Despite its international exclusion, Taiwan regularly tops democracy rankings and placed first in East Asia and 11th globally in the Economist Intelligence Unit’s 2020 Democracy Index.
The United States and Taiwan do not have formal diplomatic relations but nevertheless the U.S. has been a major ally. Under the 1979 Taiwan Relations Act, the U.S. has pledged to help Taiwan defend itself from external threats.
The recent show of U.S. support comes at a difficult time in Taiwan-China relations. In October, China ramped up air incursions into Taiwan’s air defense identification zone, prompting Taiwan’s defense minister, Chiu Kuo-cheng, to say at the time that tensions were at their worst in 40 years.
In response to this threat, the U.S. has become more vocally supportive of Taiwan, which has included a recent statement from U.S. Secretary of State Antony Blinken that China would face "terrible consequences" if it attacked Taiwan.

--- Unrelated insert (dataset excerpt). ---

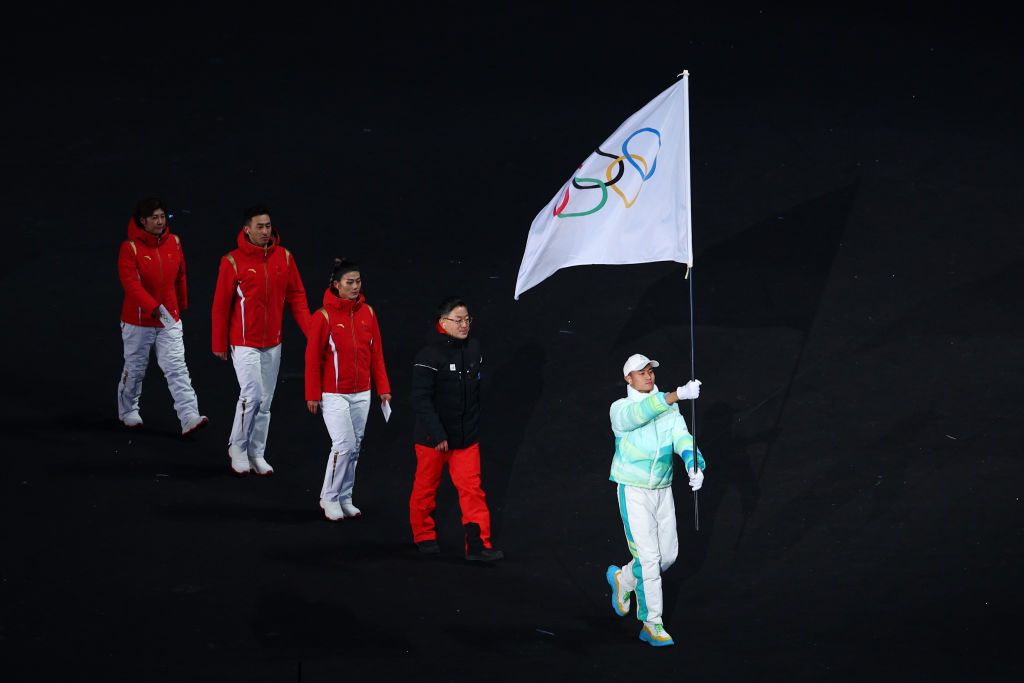 París 2024: Atletas rusos y bielorrusos podrán participar con bandera neutral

Beijing regards Taiwan, a democracy of 23 million people, as a wayward province and has not ruled out the use of force to unify it with the mainland.
Events like the U.S. Summit for Democracy are also an important way for Taiwan to maintain international visibility as it is locked out of most major organizations like the United Nations, said Yao-Yuan Yeh, the chair of the Department of International Studies and Modern Languages at the University of St. Thomas in Texas.
“The U.S. is likely to invite Taiwan to sit at the table whenever it can, but before a complete decoupling with China, the U.S. would still be cautious about such moves to avoid misperceptions from China,” he said.
Since taking office in January, U.S. President Joe Biden has attempted to reverse a course set by predecessor Donald J. Trump that saw the U.S. withdraw from many of its international obligations.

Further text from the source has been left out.